Step 4. Delete virus files
Malware-related files can be found in various places within your computer. Here are instructions that could help you find them:
- Type in Disk Cleanup in Windows search and press Enter.
- Select the drive you want to clean (C: is your main drive by default and is likely to be the one that has malicious files in).
- Scroll through the Files to delete list and select the following:
Temporary Internet Files
- Pick Clean up system files.
- You can also look for other malicious files hidden in the following folders (type these entries in Windows Search and press Enter):
After you are finished, reboot the PC in normal mode.
Finally, you should always think about the protection of crypto-ransomwares. In order to protect your computer from Kwampirs malware and other ransomwares, use a reputable anti-spyware, such as ReimageIntego, SpyHunter 5Combo Cleaner or Malwarebytes
How to prevent from getting Kwampirs malware
Access your website securely from any location
When you work on the domain, site, blog, or different project that requires constant management, content creation, or coding, you may need to connect to the server and content management service more often. The best solution for creating a tighter network could be a dedicated/fixed IP address.
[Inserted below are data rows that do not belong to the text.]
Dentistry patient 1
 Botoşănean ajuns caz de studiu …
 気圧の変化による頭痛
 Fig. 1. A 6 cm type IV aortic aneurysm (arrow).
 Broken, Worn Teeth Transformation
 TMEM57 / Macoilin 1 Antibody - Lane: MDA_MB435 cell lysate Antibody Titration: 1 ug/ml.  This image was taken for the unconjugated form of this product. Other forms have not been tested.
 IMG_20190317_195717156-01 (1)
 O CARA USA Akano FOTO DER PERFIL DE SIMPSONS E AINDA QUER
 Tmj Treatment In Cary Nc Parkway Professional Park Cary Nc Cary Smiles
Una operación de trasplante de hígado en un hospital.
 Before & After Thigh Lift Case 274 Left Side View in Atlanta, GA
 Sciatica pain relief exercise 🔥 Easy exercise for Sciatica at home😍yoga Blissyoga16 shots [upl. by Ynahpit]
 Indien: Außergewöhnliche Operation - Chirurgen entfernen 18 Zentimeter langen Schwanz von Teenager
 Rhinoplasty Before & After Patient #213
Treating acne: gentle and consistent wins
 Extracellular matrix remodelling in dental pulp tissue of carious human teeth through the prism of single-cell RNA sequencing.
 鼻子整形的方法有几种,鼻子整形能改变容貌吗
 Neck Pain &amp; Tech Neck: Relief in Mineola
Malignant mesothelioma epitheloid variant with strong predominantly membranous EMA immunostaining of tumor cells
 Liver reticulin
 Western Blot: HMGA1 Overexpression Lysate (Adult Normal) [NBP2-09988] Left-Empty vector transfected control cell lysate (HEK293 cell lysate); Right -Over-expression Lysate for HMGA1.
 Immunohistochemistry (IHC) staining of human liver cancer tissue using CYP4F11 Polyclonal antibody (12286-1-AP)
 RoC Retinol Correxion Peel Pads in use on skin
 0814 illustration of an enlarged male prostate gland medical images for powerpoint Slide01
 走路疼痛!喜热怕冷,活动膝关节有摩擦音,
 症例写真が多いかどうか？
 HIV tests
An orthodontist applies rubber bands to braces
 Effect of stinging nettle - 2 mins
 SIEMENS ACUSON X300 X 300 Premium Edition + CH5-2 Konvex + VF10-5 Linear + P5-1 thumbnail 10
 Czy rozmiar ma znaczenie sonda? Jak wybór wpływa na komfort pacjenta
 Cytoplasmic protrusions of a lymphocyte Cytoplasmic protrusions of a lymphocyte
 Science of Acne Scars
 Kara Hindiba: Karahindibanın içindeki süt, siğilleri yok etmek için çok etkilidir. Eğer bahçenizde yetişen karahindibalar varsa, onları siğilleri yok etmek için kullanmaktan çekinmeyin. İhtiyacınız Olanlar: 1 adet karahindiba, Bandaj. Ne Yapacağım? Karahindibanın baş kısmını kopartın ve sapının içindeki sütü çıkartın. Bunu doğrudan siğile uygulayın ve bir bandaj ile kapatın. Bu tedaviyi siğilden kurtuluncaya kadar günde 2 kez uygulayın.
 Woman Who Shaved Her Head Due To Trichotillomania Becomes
If you make your IP address static and set to your device, you can connect to the CMS from any location and do not create any additional issues for the server or network manager that needs to monitor connections and activities. VPN software providers like Private Internet Access can help you with such settings and offer the option to control the online reputation and manage projects easily from any part of the world.
Recover files after data-affecting malware attacks
While much of the data can be accidentally deleted due to various reasons, malware is one of the main culprits that can cause loss of pictures, documents, videos, and other important files. More serious malware infections lead to significant data loss when your documents, system files, and images get encrypted. In particular, ransomware is is a type of malware that focuses on such functions, so your files become useless without an ability to access them.
Even though there is little to no possibility to recover after file-locking threats, some applications have features for data recovery in the system. In some cases, Data Recovery Pro can also help to recover at least some portion of your data after data-locking virus infection or general cyber infection.